> _Records supplied_

☆ ☆ ☆

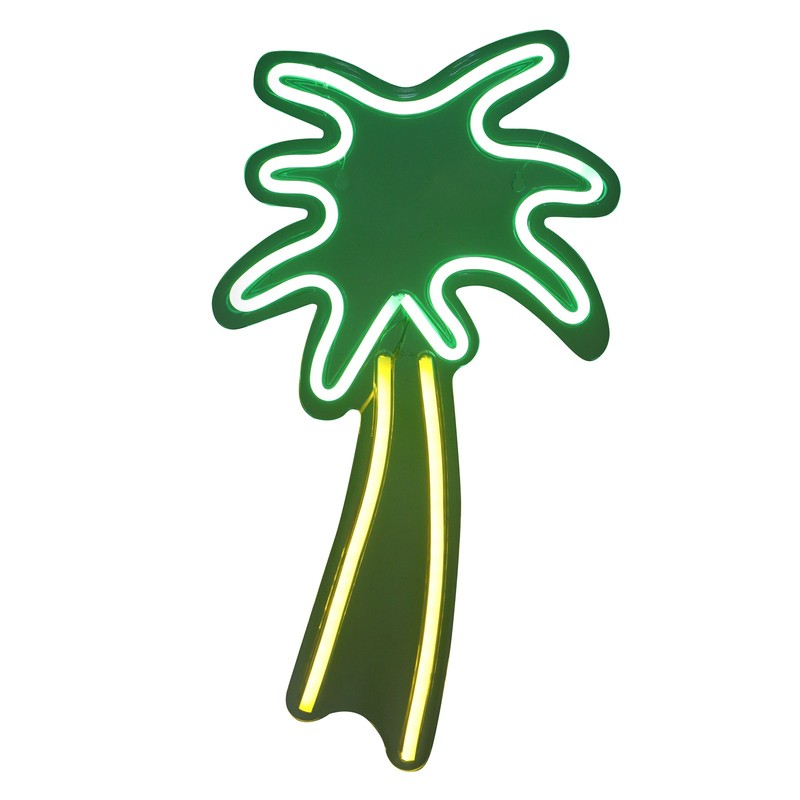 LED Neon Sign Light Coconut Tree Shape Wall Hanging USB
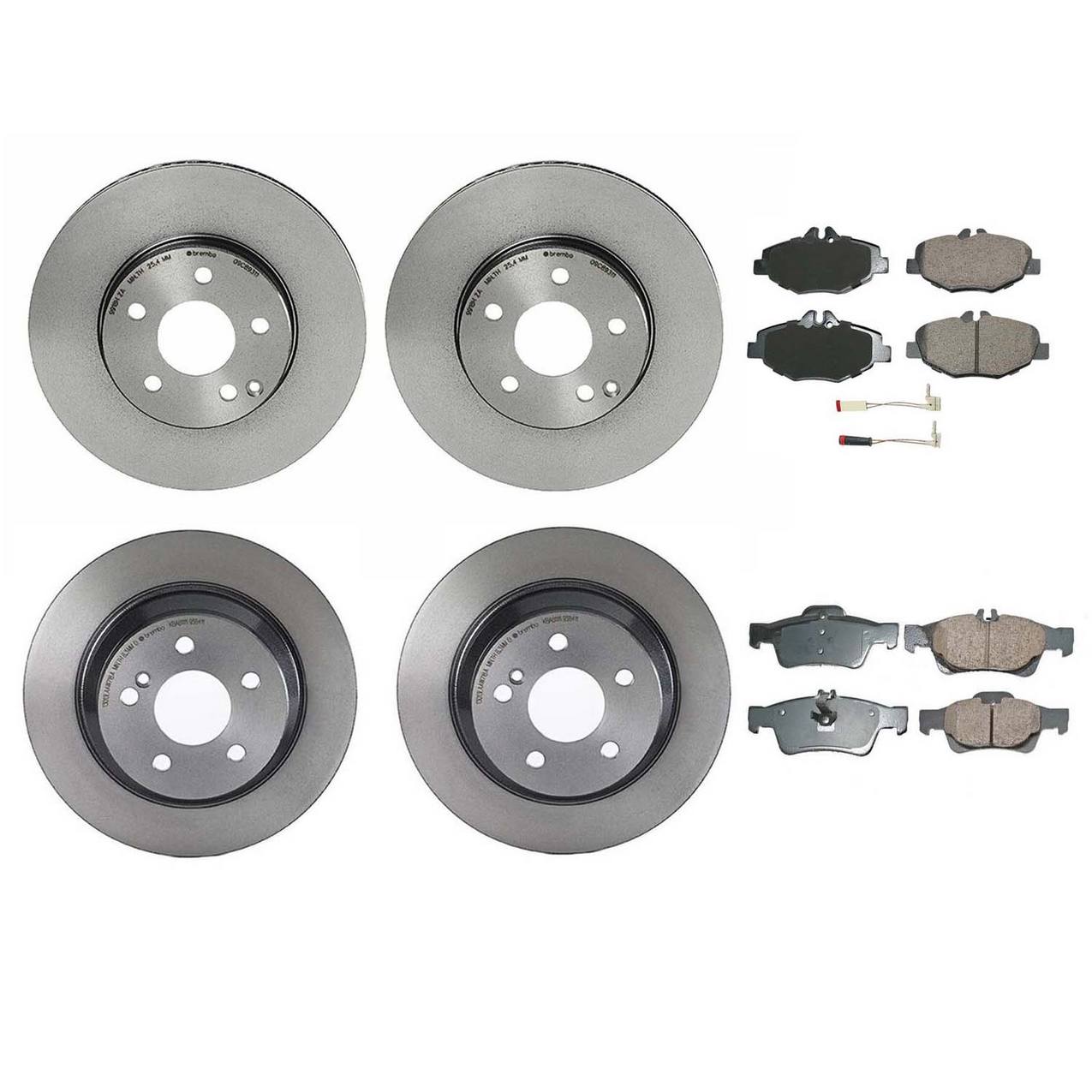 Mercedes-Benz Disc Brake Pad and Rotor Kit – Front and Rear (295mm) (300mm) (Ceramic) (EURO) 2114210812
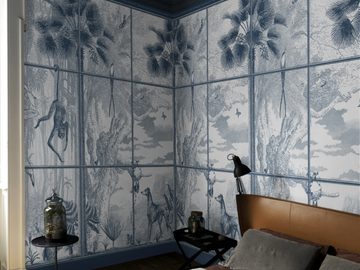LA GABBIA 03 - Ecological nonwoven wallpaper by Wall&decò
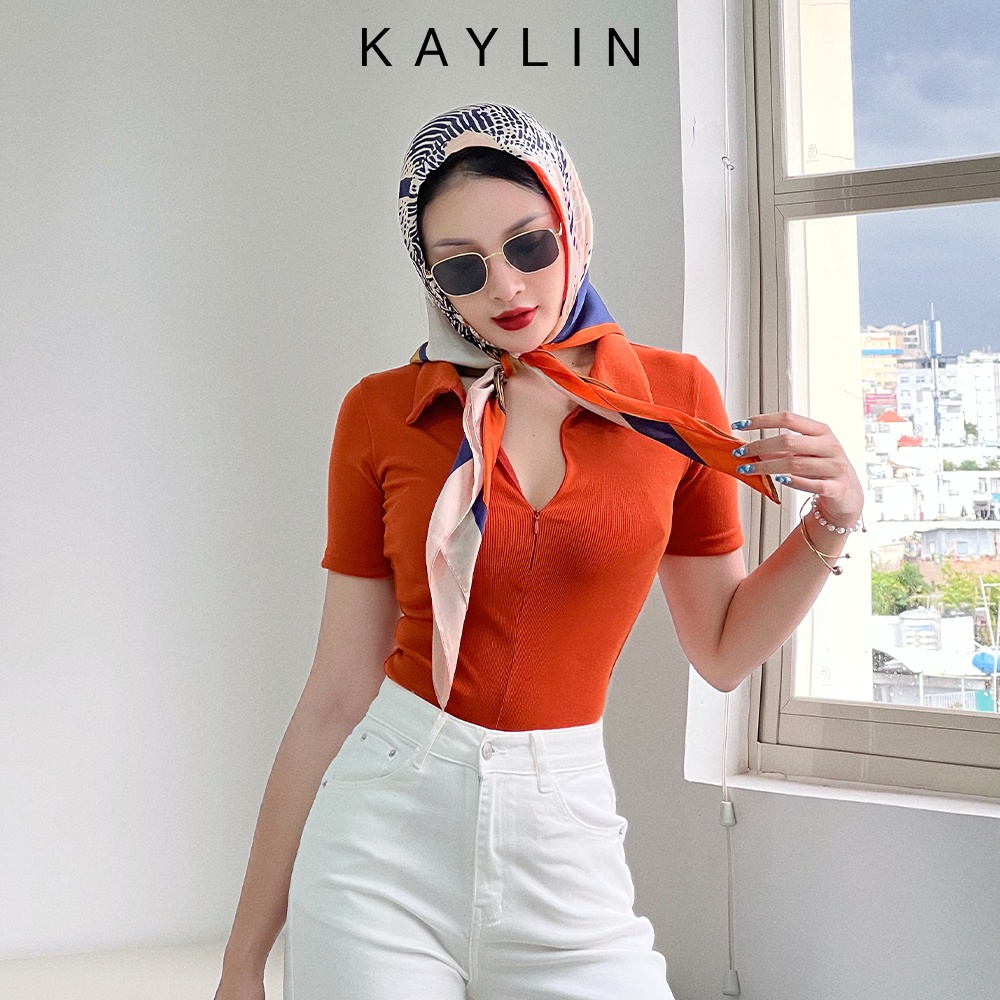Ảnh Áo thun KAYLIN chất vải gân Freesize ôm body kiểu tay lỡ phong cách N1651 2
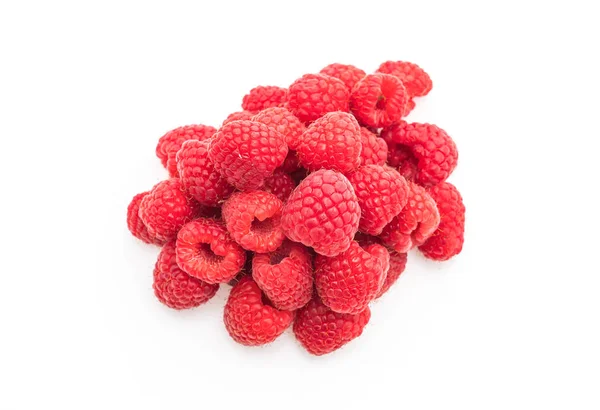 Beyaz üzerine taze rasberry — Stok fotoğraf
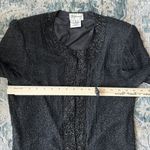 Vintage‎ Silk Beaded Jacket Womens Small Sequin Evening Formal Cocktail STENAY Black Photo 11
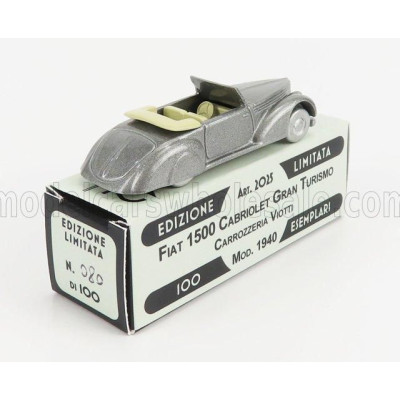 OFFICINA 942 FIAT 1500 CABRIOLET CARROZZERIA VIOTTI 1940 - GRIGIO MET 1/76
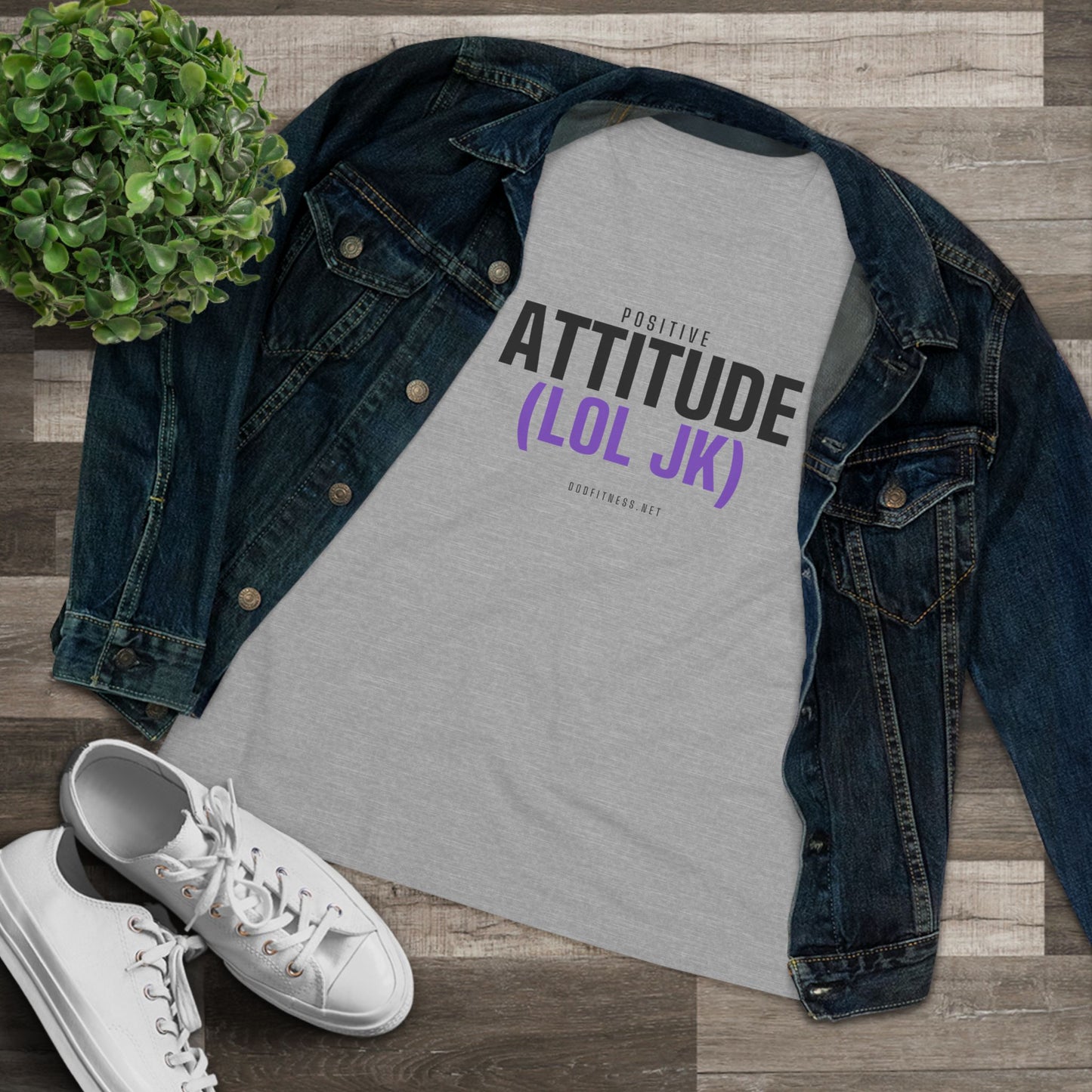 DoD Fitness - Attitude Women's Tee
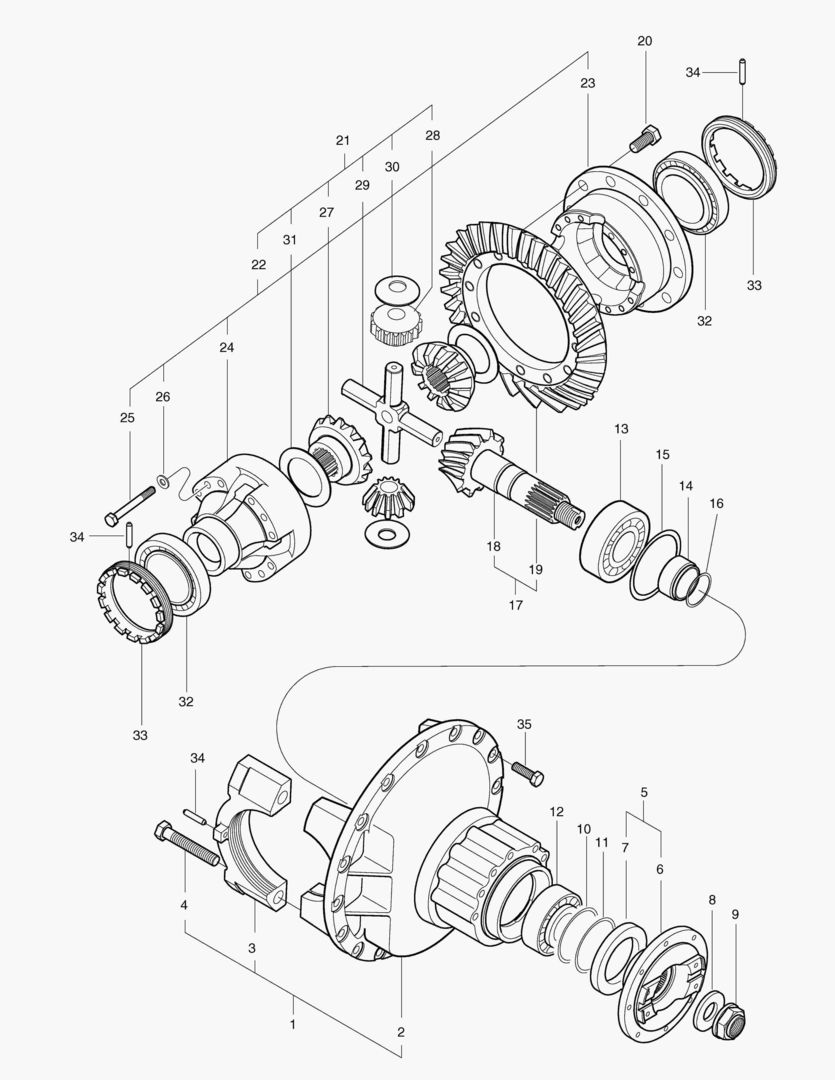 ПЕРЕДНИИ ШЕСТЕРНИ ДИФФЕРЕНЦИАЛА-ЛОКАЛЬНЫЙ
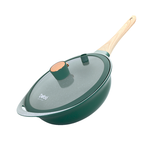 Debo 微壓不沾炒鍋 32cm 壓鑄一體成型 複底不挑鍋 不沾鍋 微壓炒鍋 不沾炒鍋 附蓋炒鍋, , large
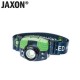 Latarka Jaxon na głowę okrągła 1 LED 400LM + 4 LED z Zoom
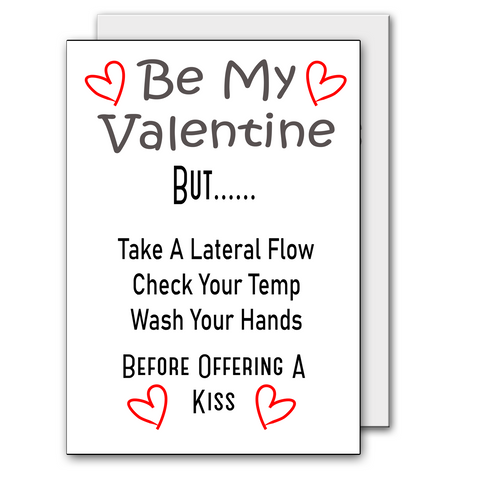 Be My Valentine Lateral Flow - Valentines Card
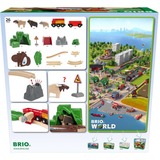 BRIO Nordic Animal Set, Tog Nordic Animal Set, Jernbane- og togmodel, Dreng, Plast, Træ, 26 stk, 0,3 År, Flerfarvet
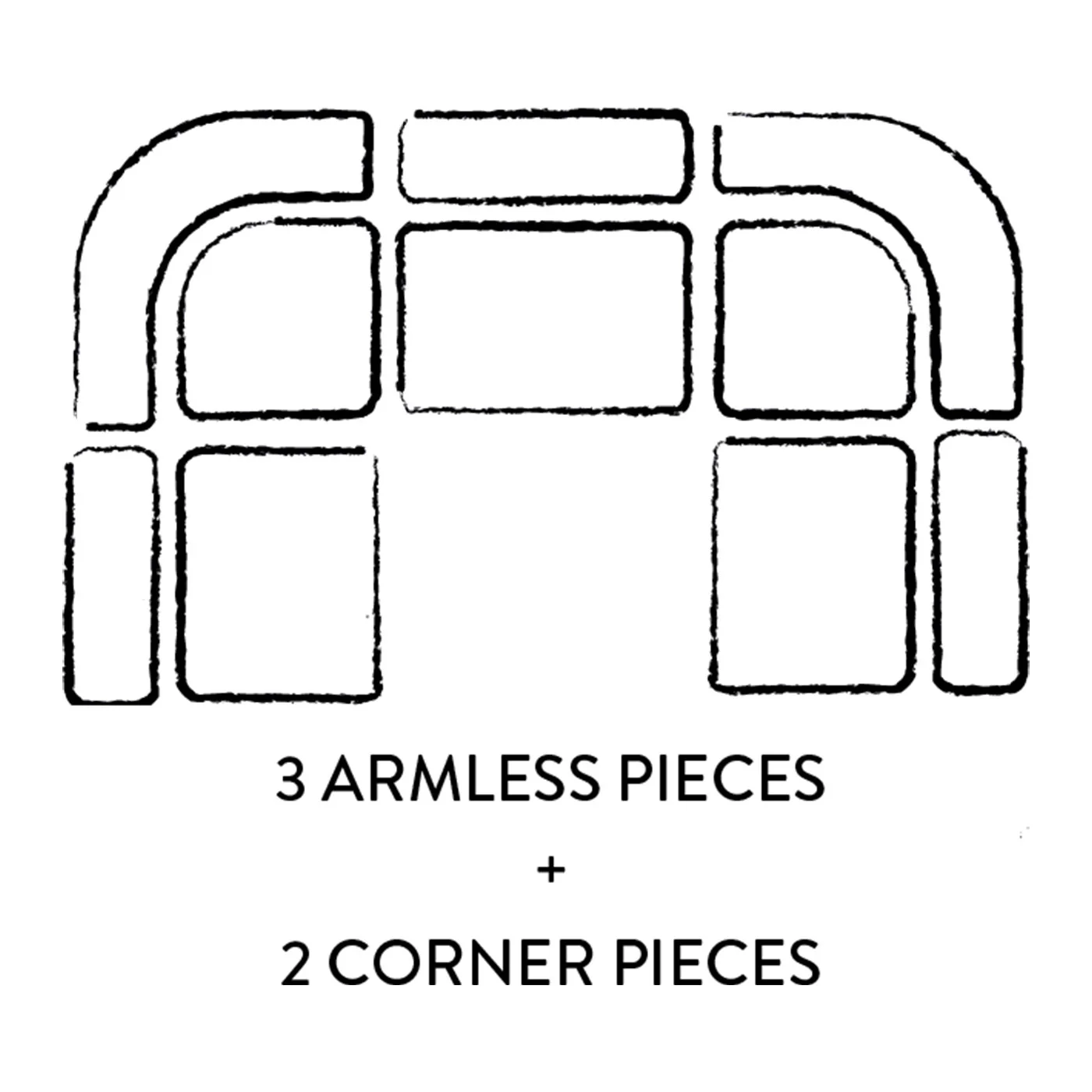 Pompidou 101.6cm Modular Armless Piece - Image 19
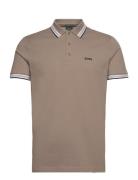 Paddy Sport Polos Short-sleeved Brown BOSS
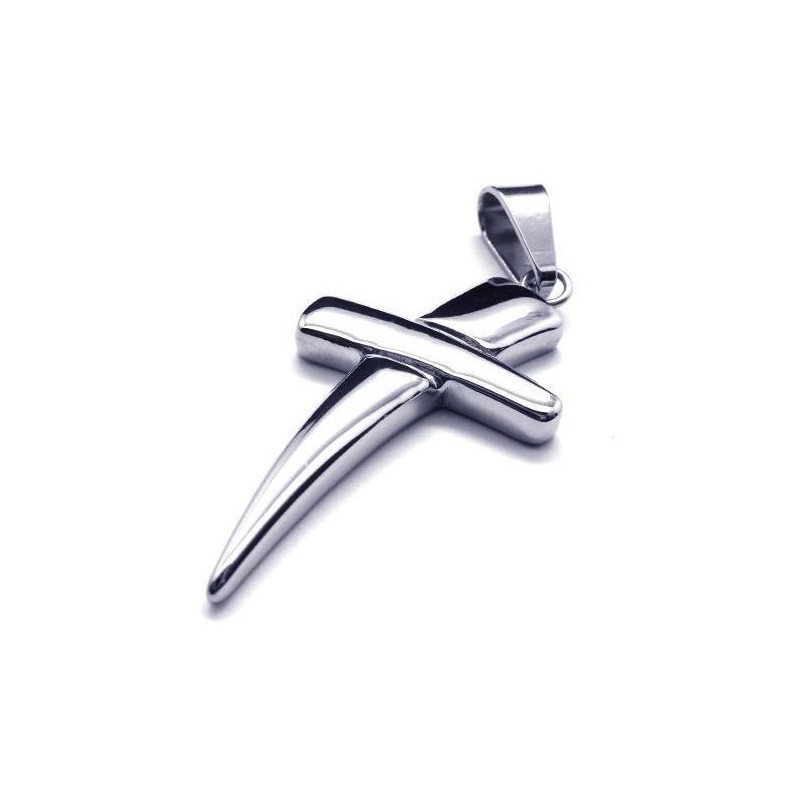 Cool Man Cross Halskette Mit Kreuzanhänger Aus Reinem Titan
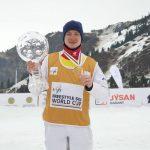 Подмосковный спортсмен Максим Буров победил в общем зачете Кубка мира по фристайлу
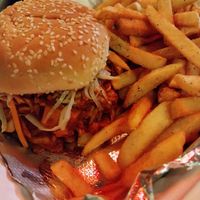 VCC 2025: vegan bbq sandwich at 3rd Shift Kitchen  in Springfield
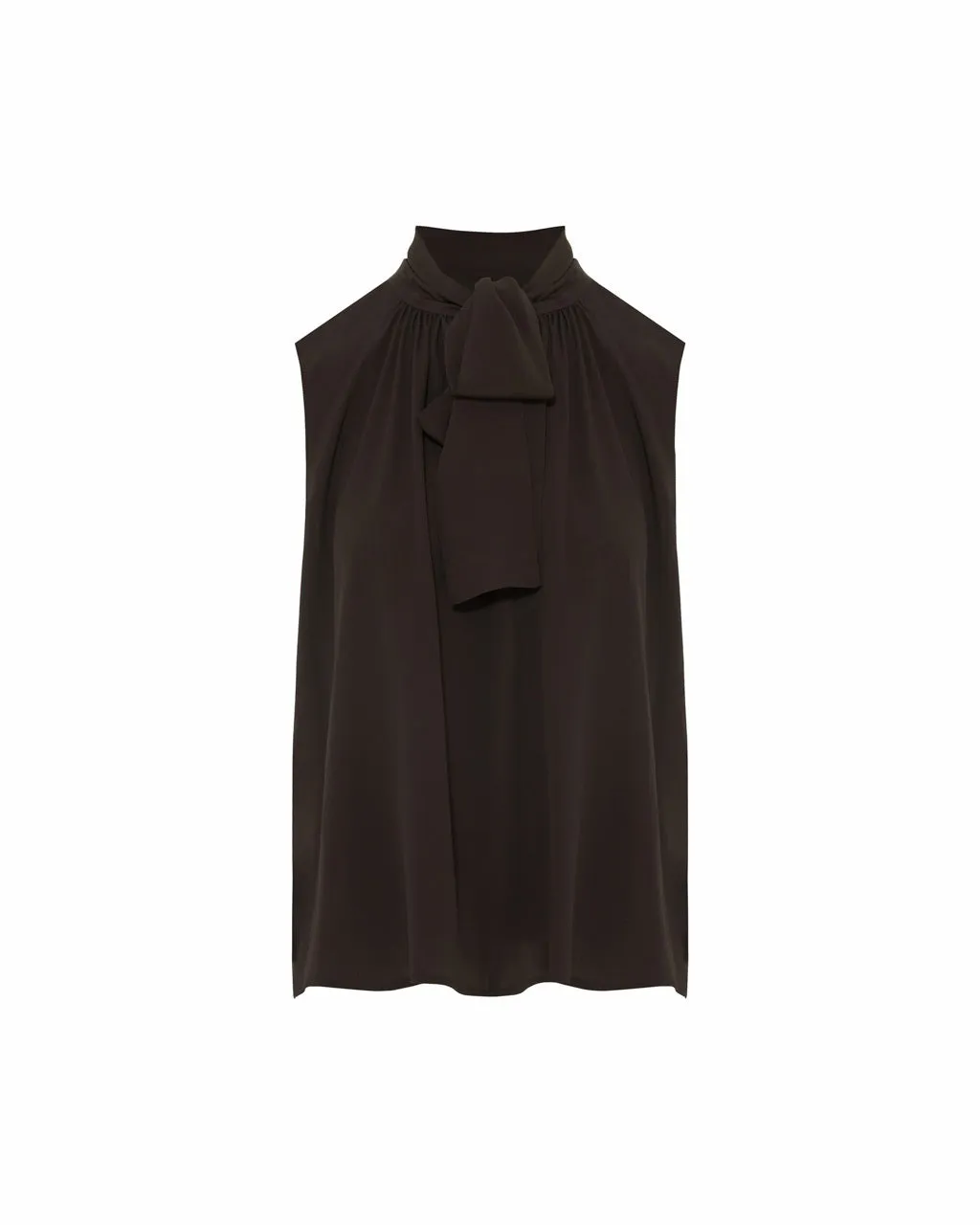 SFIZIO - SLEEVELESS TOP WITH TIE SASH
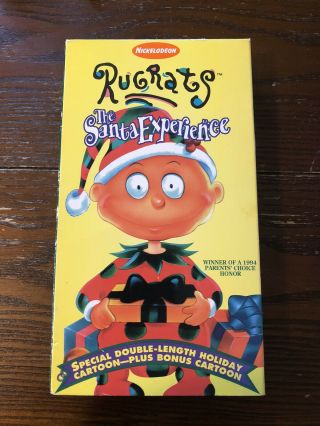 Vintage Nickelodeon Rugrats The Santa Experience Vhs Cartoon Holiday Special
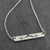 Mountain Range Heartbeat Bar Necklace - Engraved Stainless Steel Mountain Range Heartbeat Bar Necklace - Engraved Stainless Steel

☆ ☆ ☆

> _About this task_
Within the listing above, copy exactly the lines that start at the one with "DoD Fitness - Attitude Women's Tee" and continue through the one with "Cool Man Cross". Omit pictures.

> _Response area_
 DoD Fitness - Attitude Women's Tee
 ПЕРЕДНИИ ШЕСТЕРНИ ДИФФЕРЕНЦИАЛА-ЛОКАЛЬНЫЙ
 Debo 微壓不沾炒鍋 32cm 壓鑄一體成型 複底不挑鍋 不沾鍋 微壓炒鍋 不沾炒鍋 附蓋炒鍋, , large
 Latarka Jaxon na głowę okrągła 1 LED 400LM + 4 LED z Zoom
 Be My Valentine Lateral Flow - Valentines Card
 BRIO Nordic Animal Set, Tog Nordic Animal Set, Jernbane- og togmodel, Dreng, Plast, Træ, 26 stk, 0,3 År, Flerfarvet
 Pompidou 101.6cm Modular Armless Piece - Image 19
 Paddy Sport Polos Short-sleeved Brown BOSS
 Cool Man Cross Halskette Mit Kreuzanhänger Aus Reinem Titan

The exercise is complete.